Los ex banqueros agregan haber sido “víctimas” de la crisis de 2002, sin perjuicio de lo cual admiten sus “errores” pero no aceptan que se los acuse de ser “delincuentes”. “En estos cinco años hemos conocido en la cárcel a centenares de uruguayos que, sin posibilidad de defenderse, sufren iguales o más injustas reclusiones a causa de nuestro anacrónico proceso penal. Esto ha sido doloroso en extremo”, expresa la misiva. He aquí la carta remitida a LA REPUBLICA:
A la opinión pública:
1. Nos dirigimos a ustedes, cuando ha tomado estado público que la Comisión Interamericana de Derechos Humanos de la OEA declaró que la privación de nuestra libertad, desde hace cuatro años, nueve meses y diez días, es injusta e ilegítima.
2. No fuimos los causantes de la crisis de 2002, sino otras víctimas más de ella, como tantos compatriotas la sufrieron.
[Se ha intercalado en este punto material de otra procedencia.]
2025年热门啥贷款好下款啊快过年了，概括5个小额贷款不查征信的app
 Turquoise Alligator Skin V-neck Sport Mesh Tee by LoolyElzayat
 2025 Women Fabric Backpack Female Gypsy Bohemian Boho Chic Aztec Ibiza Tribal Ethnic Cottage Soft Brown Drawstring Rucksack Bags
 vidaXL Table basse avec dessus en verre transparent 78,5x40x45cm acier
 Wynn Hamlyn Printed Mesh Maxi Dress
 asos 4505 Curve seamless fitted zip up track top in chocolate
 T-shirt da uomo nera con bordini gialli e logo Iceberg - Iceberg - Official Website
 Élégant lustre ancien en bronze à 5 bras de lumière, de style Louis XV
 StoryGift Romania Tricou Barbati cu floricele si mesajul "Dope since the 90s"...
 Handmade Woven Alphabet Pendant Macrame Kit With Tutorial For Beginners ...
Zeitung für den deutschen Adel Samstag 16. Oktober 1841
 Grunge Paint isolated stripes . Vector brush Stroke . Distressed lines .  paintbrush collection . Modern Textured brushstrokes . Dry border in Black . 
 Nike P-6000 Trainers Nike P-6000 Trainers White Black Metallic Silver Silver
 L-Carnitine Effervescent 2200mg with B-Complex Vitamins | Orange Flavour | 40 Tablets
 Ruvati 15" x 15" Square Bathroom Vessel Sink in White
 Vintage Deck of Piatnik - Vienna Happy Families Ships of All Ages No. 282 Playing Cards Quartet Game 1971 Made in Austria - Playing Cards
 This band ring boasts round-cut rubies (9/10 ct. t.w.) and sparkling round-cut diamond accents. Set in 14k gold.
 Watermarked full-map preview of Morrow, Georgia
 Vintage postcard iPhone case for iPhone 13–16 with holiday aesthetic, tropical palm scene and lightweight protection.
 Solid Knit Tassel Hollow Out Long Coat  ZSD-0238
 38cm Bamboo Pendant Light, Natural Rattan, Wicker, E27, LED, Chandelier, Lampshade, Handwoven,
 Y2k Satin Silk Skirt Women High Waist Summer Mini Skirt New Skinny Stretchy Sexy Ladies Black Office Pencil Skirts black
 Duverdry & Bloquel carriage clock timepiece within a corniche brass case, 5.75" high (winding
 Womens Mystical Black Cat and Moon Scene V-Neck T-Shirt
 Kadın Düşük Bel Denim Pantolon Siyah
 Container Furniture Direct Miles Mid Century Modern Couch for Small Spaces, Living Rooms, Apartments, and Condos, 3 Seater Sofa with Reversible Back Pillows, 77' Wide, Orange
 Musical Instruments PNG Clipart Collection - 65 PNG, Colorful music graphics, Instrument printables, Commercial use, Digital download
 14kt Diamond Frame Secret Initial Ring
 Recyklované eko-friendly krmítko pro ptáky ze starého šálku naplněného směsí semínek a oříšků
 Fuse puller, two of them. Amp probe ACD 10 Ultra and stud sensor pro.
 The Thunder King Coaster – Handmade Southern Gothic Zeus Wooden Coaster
Asumimos la responsabilidad si es que cometimos errores, pero no admitimos que se nos acuse de delincuentes.
3. En el momento de la crisis empeñamos nuestro patrimonio personal y familiar, y mientras estuvimos a cargo de los Bancos Montevideo y Caja Obrera, hicimos todo cuanto estaba a nuestro alcance para cumplir con sus compromisos.
4. Al ser desplazados de la dirección de ambos Bancos por una arbitraria, ilegal e inoportuna intervención del Banco Central, se destruyó la confianza y el valor de esas instituciones y, como resultado de ello, de todo el Grupo Velox, con las consecuencias conocidas en perjuicio de los ahorristas damnificados y de nosotros mismos.
5. En el quebranto económico hemos sufrido la injuria y la calumnia, y hemos perdido años de libertad. Pero tenemos paz en la conciencia, sabiendo que hicimos todo lo posible para no perjudicar voluntariamente a nadie.
6. Hubiéramos querido que las cosas fueran de otro modo, pero no pudimos evitar lo sucedido. La crisis inédita que entonces vivió la Argentina, sumada a los errores de la administración bancaria oficial uruguaya, arrastró a nuestro sistema financiero y bancario a uno de los momentos más trágicos de la historia económica y social de nuestro país. Y nos tocó estar en el medio de ese temporal. La intervención con desplazamiento de autoridades, ordenada pro el Banco Central, en nuestro caso fue determinante para acelerar la corrida en el Banco Montevideo y profundizar la crisis, usándose nuestro nombre para justificar un desastre que no causamos.
7. Por estas razones, el 15 de junio de 2006 iniciamos un juicio al Banco Central del Uruguay por la intervención del Banco Montevideo. Queremos destinar el resultado del juicio para pagar a los ahorristas e inversores que no han cobrado o han cobrado parte de sus ahorros.
8. En estos cinco años hemos conocido en la cárcel a centenares de uruguayos que, sin posibilidad de defenderse, sufren iguales o más injustas reclusiones a causa de nuestro anacrónico proceso penal. Esto ha sido doloroso en extremo.
9. La resolución de la OEA trasciende nuestro caso: alcanza a las instituciones republicanas que, en última instancia, deben garantizar la vigencia de los derechos fundamentales de cada ciudadano. Esperamos que ese dictamen contribuya a mejorar el sistema judicial y la calidad de vida democrática que todos los uruguayos valoramos y merecemos.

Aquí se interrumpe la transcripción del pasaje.